第11章 裏切りのスパイス
「冥冥さん、大丈…」
落ちていたのは冥冥さんの髪の毛。
冥冥さん本体はどこにもいなかった。
シャッ
私の頬を何かが切り裂いた。
『ち、ちち…』
「千春、大丈夫だから」
興奮する千春を抑えて、辺りを見回した。
落ちてきた呪霊しかいないように思えるが…。
頬を流れる血を指で拭った。
「まずは、お前だよな」
芋虫型の呪霊の腹を呪具で刺す。
すると、中からうじゃうじゃと小さな虫が沢山でてきた。
冥冥さんの居場所はきっとこの体の中か体の下。
とりあえず、この呪霊を殺すことにしよう。
「千春。私の周り見といてくれる?」
『う、うん』
「ありがと」
頬の傷は刃物で切られたように、綺麗に切れている。
まるで…。
(まさかっ!)
気づいた時には遅かった。
既に私の四方には壁ができていて、大きな鳥かごのようなものの中に入れられてしまった。
「…はぁ。やっぱり、冥冥さんより怖い人はいないや」
少しだけ短くなった髪の毛を結きながら、1歩ずつこちらに向かってくる。
「あーあ。
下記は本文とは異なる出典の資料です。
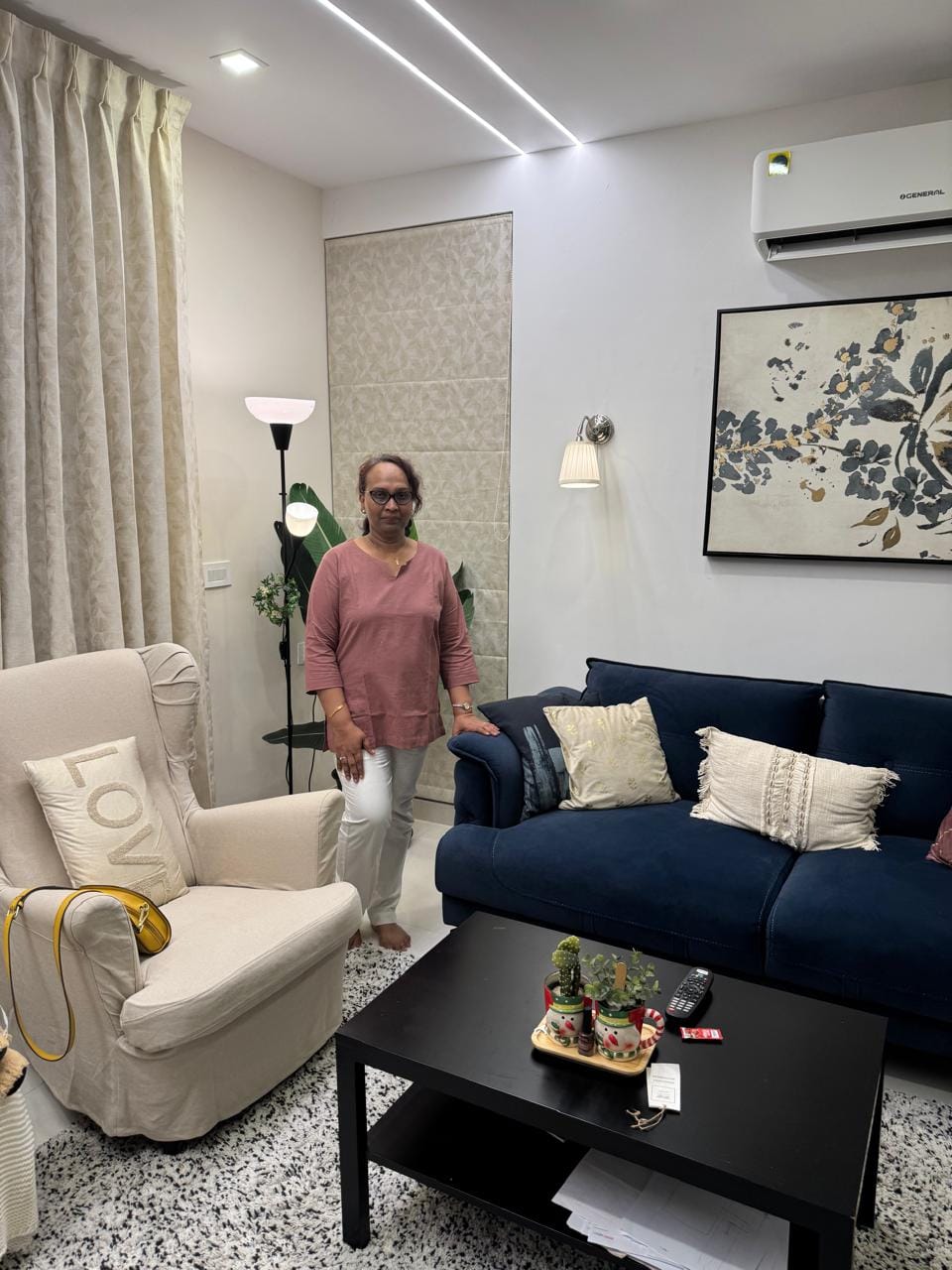 Customer photo review of Women Rose Taupe Airy Linen Split Neck Short Kurta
私の優しさを無駄にしやがって。冥冥さん、バチ当たるぞ」
「ふふ。いつもの千夏に戻ったみたいだね」
この鳥かごはどうやって作ったんだろうか。
冥冥さんが作ったとは考えにくいし、ならば第三者が関わっているはず。
「あのさ。冥冥さんってどっち側?」
「何の話?」
「あーあ。冥冥さん、怖っ!」
女は何より怖い。
そして、冥冥さんはどんな女より怖い。
つまり最恐。
「私のこと殺せって言われた?」
「…」
「もしかして、冥冥さんの独断?そうだったら、マジでショックなんだけど」
いつも通り余裕の表情で、私が1人でベラベラ喋っているみたいに見える。
そろそろ何かしら教えてくれないと、強硬手段を取ることになりそうだ。